Many vendors offer integrated suites that combine multiple controls – network, endpoint, cloud, storage, email etc. Integrated DLP provides centralized policy management and reporting across different data channels. It correlates insights across gateways to better contextualize incidents.

Key DLP best practices

Beyond solutions, organizations need to embed DLP discipline through processes like:

  • Ongoing scanning – Regularly scan for sensitive data in repositories, new systems and user endpoints
  • Backups – Maintain secure, encrypted backups to enable restoration after incidents
  • Access limitations – Allow only authorized users and devices to access confidential data based on least privilege
  • BYOD policies – Have stricter DLP controls for BYOD devices compared to managed devices
  • Secure transmission – Enforce encryption for data in motion, and data at rest where viable
  • Secured deletion – Retire old devices safely using techniques like disk wiping to prevent data recovery
  • DLP training – Educate staff regularly on DLP policies and their joint responsibility
  • Separation of duties – Ensure no single user has end-to-end data access.

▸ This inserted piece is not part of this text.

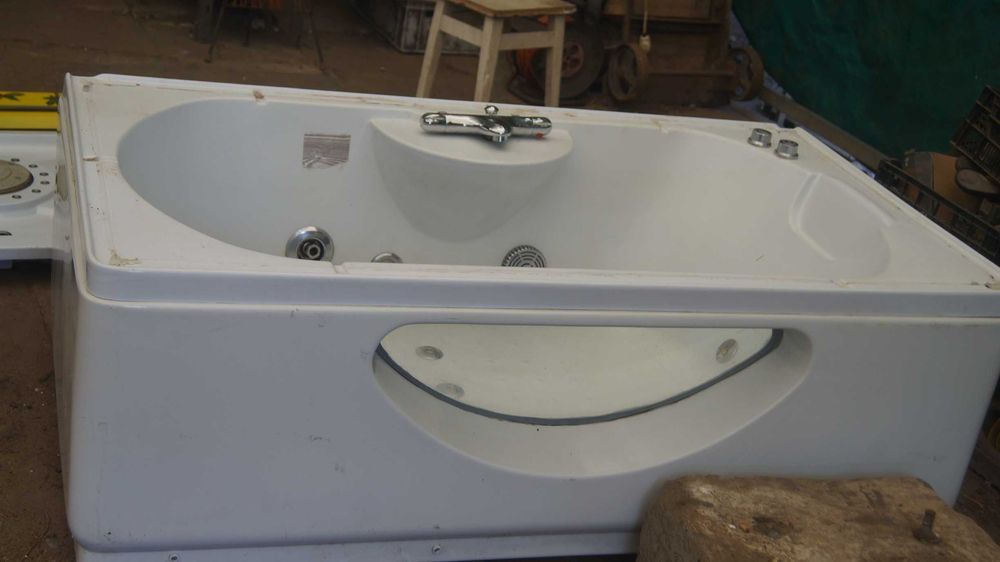 Wanna z kabiną prysznicową hydromasaż jacuzzi komplet 150X85x230 super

Distribute privileges.
  • Minimize data copies – Reduce duplication of sensitive data across environments to limit exposure.

The role of user behavior analytics

Aligning DLP monitoring to actual user activity provides valuable risk context. Analyzing behaviors like

  • Accessing unusual data volumes
  • Access during odd hours
  • Copy-pasting data to personal apps
  • Repeated failed login attempts
  • Downloading huge files

can reveal compromised credentials or malicious intent. User behavior analytics (UBA) leverages machine learning to baseline normal activities and detect anomalies in real-time.

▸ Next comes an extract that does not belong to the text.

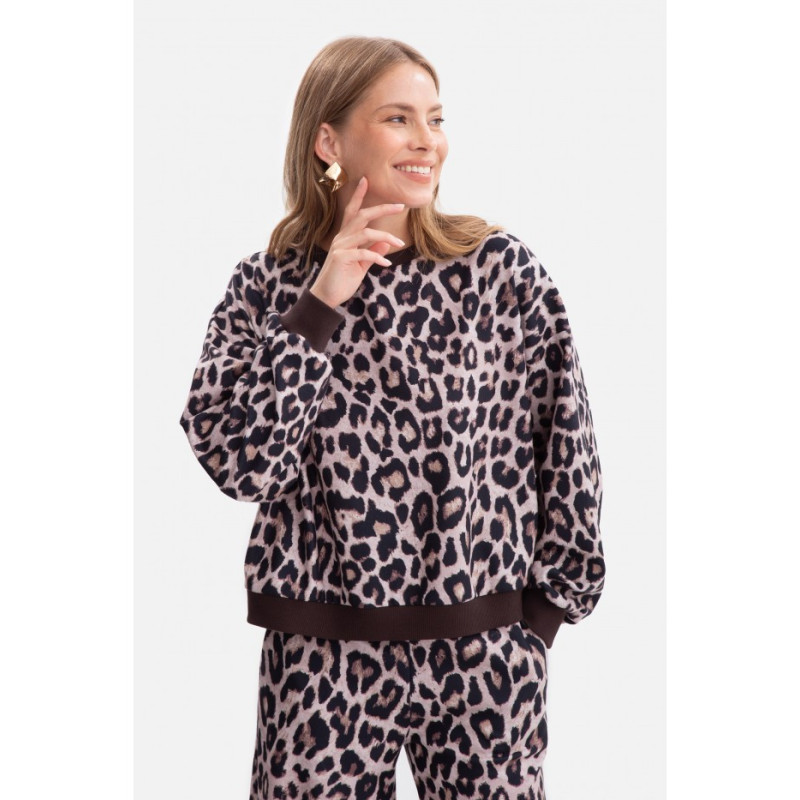 B303 Bluza z dzianiny z nadrukiem - model 1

UBA provides dynamic risk scoring of users based on activity patterns. Combining UBA with DLP enhances threat detection and enables adaptive access controls.

Creating a data classification taxonomy

A well-defined classification schema is essential to categorize data correctly and consistently across the organization so that protections can be applied accordingly. A data taxonomy matrix may comprise categories like:

Classification Categories Examples
Public – Marketing content
– Public product info
– Brochures
-Blogs, whitepapers
Internal – Internal communications
– Process docs
– Internal newsletters
-Work instructions
Confidential – Customer data
– HR records
– Financial data
– Account information
– Salaries
– Invoices
Restricted – Trade secrets
– IP, source code
– Secret formulas
– Product design docs

Classifications should be defined in policies and embedded into DLP systems to enable automatic tagging. Regular audits help verify correct classification and any policy gaps.

Key questions when evaluating DLP solutions

Key parameters to assess when comparing vendor DLP offerings:

  • Breadth of coverage across endpoints, networks, cloud apps and data repositories
  • Precision of sensitive data discovery across unstructured and structured data
  • Accuracy of policy violation detection with low false positives
  • Interoperability with the organization’s ecosystem – OS, databases, infrastructure etc.
  • Flexibility around custom data types, lexicon configuration etc.
  • Automation capabilities for faster deployment and scalability
  • User behavior analytics for risk-based analysis
  • Dashboard and reporting for compliance needs
  • Data protection techniques like encryption, tokenization, masking etc.
  • Support options, training resources and implementation assistance
  • Cost structure aligning with unique needs

The goal is to select solutions that provide comprehensive coverage, precision detection, ease of use and superior protection capabilities for sensitive data.

Conclusion

A holistic data loss prevention program requires an integrated strategy spanning people, processes and technology controls. Core elements include data discovery, policy definition, technical enforcement and incident response. By deploying the right mix of network, endpoint, cloud and storage solutions; conducting regular user training; and embedding DLP discipline into data handling processes, organizations can secure their sensitive information against internal and external threats.